Data extract:
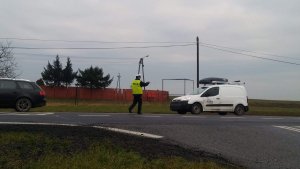 Zdjęcie przedstawia umundurowanego policjanta ruchu drogowego zatrzymującego do kontroli auto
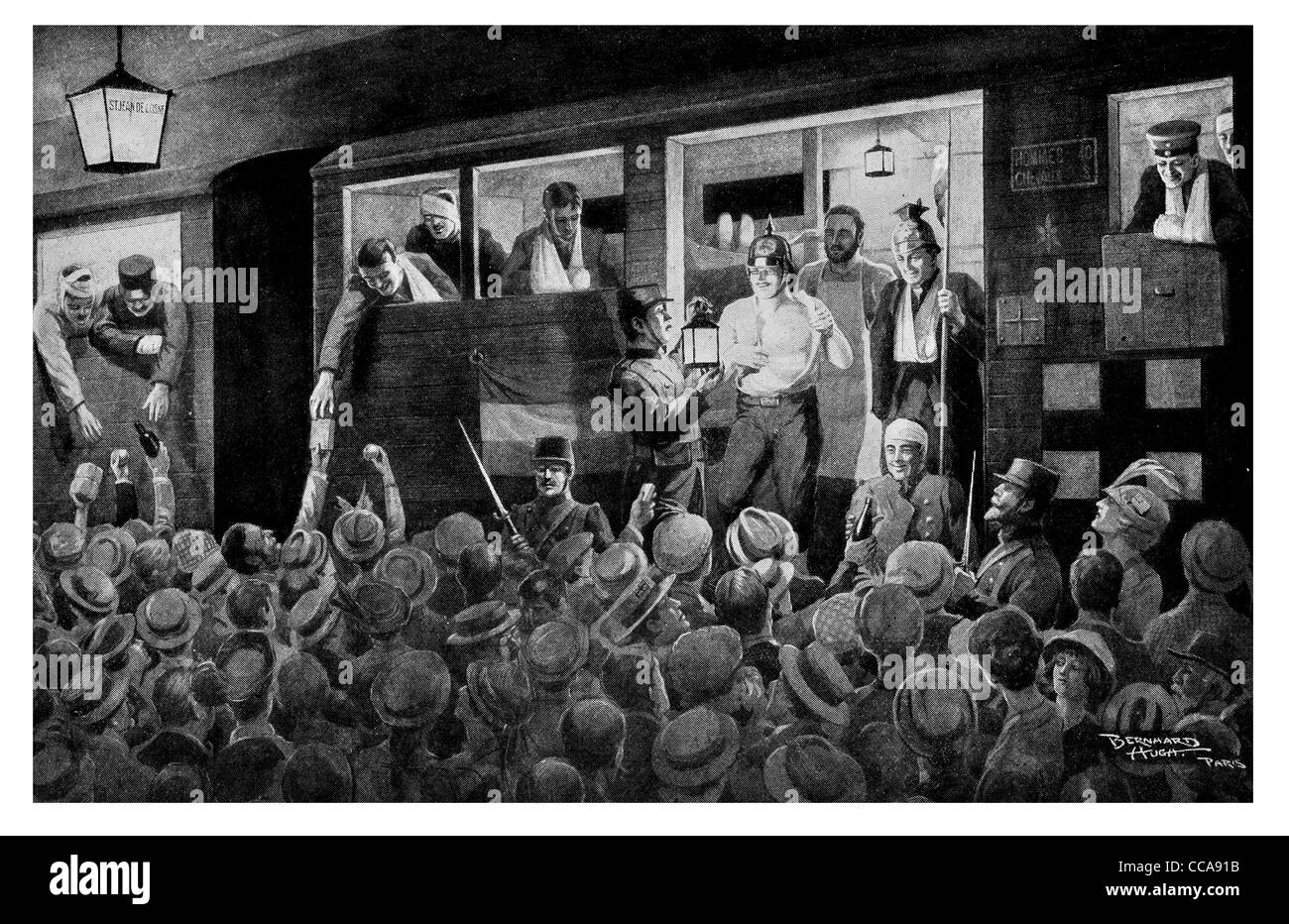 1914 wounded French soldiers return home Paris rest railway station German helmet uniform trophies trophy sick humour welcome Stock Photo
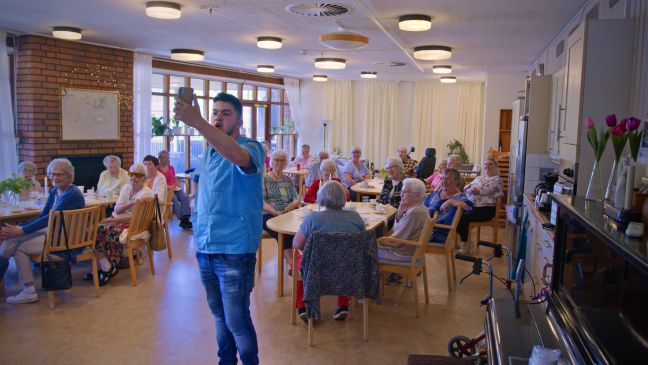 Majd nimmt ein Video mit seinem Smartphone auf im Essenssaal der Pflegeeinrichtung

Try it: Produce a verbatim copy of the listing, leaving out all pictures.

Exercise answer:
 Zdjęcie przedstawia umundurowanego policjanta ruchu drogowego zatrzymującego do kontroli auto
 1914 wounded French soldiers return home Paris rest railway station German helmet uniform trophies trophy sick humour welcome Stock Photo
 Majd nimmt ein Video mit seinem Smartphone auf im Essenssaal der Pflegeeinrichtung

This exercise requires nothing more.